Le premier élément qu’il faut se rappeler dans ce débat, c’est qu’en raison des reports successifs des élections sous l’administration de Martelly, deux postes vacants pour chaque département étaient à combler lors des élections du 9 Août 2015 dont le deuxième tour s’était déroulé avec le premier tour des présidentielles du 25 octobre de la même année. C’est à dire qu’on a eu des élections pour deux tiers du sénat au lieu d’un tiers. À noter que le décret électoral du 2 mars 2015 en son article 50.3 établit la différence entre renouvellement et vacance à combler, s’agissant des sénateurs élus. Dans ce cas précis, les sénateurs ayant participé à ces élections savaient pertinemment qu’ils allaient combler les vacances des deux tiers du sénat. C’est-à-dire que le sénateur arrivant en tête des résultats, s’il gagne selon les conditions prescrites par les articles 45 et 45.1 du décret électoral, admet avoir commencé un mandat de quatre ans et le deuxième, un mandat de deux ans indépendamment de la date de leur prestation de serment.« Tout éventuel troisième sénateur élu, soit celui qui vient en troisième position, termine le mandat qui arrive à terme en premier » (Art. 50.3 alinéa 3).
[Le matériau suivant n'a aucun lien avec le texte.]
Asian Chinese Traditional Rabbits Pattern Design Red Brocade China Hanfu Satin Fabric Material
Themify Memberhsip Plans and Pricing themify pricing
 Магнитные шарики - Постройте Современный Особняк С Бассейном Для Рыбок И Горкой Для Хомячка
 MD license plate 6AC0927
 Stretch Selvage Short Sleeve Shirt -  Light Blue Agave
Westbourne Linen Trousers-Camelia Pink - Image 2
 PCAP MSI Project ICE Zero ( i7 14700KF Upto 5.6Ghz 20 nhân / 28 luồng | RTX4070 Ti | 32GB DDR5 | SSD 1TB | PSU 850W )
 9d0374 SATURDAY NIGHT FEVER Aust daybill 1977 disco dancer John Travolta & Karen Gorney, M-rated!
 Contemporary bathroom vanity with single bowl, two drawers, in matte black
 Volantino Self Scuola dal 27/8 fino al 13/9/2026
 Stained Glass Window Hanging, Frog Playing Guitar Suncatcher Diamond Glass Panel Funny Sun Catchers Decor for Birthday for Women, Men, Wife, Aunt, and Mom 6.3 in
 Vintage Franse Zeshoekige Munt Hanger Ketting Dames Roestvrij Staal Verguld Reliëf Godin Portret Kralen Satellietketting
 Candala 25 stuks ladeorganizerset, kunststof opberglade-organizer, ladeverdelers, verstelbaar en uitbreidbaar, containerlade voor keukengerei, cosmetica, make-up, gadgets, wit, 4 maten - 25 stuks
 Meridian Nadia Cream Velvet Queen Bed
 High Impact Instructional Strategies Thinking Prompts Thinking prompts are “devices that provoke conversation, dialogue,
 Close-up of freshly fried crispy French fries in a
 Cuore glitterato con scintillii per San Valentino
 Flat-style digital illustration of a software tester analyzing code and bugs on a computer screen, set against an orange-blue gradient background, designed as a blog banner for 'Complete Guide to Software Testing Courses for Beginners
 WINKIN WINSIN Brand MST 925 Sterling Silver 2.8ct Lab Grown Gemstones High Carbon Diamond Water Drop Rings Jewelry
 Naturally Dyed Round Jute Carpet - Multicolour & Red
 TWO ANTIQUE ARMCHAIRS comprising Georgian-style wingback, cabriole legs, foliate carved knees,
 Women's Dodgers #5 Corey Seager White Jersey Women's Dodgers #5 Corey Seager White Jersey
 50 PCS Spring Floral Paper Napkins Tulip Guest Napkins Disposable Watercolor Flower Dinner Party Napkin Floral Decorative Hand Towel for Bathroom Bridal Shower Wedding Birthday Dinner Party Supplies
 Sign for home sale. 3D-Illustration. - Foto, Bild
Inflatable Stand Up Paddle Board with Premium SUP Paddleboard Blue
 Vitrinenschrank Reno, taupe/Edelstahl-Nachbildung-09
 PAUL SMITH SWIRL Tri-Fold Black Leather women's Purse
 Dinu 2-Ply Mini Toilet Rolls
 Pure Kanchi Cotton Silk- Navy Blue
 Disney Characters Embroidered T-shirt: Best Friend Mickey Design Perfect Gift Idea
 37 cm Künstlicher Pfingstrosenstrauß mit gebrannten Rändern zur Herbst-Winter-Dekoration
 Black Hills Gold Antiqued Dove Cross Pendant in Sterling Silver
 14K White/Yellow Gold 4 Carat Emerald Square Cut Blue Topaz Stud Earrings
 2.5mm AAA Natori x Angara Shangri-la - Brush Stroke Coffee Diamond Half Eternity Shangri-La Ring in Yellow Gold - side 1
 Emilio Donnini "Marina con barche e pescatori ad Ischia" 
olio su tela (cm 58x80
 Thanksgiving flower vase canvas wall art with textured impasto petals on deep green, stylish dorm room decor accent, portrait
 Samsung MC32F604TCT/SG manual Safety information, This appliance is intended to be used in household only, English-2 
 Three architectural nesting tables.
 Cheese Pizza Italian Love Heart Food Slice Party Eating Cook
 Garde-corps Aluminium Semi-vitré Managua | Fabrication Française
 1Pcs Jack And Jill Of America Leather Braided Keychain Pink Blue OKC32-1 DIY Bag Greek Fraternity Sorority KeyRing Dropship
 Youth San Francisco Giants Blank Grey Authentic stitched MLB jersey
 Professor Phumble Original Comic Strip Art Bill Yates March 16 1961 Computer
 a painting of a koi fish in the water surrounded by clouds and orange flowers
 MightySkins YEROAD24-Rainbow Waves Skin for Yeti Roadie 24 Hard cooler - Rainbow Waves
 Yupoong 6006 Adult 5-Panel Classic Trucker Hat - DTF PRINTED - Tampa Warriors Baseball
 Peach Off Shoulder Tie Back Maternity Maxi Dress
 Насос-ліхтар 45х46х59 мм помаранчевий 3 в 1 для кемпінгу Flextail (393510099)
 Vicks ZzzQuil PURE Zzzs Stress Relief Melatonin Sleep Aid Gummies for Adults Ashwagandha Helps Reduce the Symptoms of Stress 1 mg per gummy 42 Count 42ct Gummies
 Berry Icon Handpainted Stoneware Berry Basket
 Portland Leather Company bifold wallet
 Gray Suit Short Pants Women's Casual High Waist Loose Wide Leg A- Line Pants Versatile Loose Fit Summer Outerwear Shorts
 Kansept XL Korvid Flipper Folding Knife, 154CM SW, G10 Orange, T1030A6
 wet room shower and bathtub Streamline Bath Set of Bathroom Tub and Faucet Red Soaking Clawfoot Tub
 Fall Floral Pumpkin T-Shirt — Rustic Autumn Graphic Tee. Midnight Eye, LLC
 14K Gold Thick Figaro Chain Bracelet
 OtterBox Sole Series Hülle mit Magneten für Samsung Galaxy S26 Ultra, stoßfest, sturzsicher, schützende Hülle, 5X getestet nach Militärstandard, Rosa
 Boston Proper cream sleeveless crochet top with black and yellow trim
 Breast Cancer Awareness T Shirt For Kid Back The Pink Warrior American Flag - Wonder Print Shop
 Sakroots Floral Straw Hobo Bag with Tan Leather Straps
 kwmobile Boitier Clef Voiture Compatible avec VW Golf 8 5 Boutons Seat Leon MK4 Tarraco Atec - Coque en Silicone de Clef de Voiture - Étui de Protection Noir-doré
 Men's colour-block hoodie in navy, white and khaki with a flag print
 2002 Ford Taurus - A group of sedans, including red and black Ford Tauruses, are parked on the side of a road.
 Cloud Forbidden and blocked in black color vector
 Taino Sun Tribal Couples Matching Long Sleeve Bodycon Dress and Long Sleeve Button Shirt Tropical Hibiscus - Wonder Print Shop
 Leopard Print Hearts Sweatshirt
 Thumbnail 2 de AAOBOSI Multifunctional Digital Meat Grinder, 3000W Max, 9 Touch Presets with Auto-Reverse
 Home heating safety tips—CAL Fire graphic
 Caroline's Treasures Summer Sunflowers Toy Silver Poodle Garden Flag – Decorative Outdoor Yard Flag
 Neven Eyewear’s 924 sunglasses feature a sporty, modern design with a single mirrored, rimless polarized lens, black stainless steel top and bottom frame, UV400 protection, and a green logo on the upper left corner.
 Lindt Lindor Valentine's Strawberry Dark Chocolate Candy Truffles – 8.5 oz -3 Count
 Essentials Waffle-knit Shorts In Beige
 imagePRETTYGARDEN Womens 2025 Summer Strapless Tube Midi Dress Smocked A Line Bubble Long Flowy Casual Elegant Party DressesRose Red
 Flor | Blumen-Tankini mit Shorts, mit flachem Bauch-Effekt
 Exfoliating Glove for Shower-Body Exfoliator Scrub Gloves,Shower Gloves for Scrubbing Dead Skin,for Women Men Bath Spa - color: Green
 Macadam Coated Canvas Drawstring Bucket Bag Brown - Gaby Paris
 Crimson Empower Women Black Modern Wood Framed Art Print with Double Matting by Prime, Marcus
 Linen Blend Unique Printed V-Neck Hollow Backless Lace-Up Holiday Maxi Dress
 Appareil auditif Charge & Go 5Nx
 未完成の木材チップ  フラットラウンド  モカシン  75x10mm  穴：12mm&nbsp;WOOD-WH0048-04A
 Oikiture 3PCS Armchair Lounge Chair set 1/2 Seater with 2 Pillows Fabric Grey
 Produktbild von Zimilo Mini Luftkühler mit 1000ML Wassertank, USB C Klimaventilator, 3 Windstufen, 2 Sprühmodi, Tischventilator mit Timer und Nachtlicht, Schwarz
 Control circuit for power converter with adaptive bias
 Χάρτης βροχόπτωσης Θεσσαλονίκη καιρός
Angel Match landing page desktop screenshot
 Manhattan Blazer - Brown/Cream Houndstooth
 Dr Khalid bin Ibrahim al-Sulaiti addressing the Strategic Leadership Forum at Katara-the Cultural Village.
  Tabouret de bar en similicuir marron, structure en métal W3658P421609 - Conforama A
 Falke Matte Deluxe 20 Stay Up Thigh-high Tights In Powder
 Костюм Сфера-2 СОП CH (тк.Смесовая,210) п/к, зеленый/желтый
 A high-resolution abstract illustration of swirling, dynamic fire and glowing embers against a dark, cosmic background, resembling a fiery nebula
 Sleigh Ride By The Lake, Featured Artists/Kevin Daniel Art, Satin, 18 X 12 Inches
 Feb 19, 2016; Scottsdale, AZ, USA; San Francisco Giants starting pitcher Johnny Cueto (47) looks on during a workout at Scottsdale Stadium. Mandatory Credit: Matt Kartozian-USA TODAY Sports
En ce qui a trait au Président de la République, les faits sont totalement différents. Si le Sénat fonctionne en permanence, surtout avec le cas d’un tiers du sénat en fonction (ce qui donne l’aspect de vacance aux deux autres tiers manquants), la présidence n’est pas un collège, elle ne fonctionne pas en permanence, contrairement aux termes décrits en ce qui a trait au Sénat. Cependant, la constitution de 1987 amendée prévoit que, si pour une raison quelconque les élections ne sont pas réalisées à temps et que le président ne prête pas serment le 7 février, le mandat du président est censé avoir commencé le 7 février de l’année électorale (argument utilisé par l’opposition politique). Mais cet article ne se termine pas ici. Envoici la transcription verbatim pour l’appréciation de tous. L’article 134.2 se lit désormais comme suit: « L’élection du président a lieu le dernier dimanche d’octobre de la cinquième année du mandat présidentiel. Le président élu entre en fonction le 7 février suivant la date de son élection. Au cas où le scrutin ne peut avoir lieu avant le 7 février, le président élu entre en fonction immédiatement après la validation du scrutin et son mandat est censé avoir commencé le 7 février de l’année de l’élection ».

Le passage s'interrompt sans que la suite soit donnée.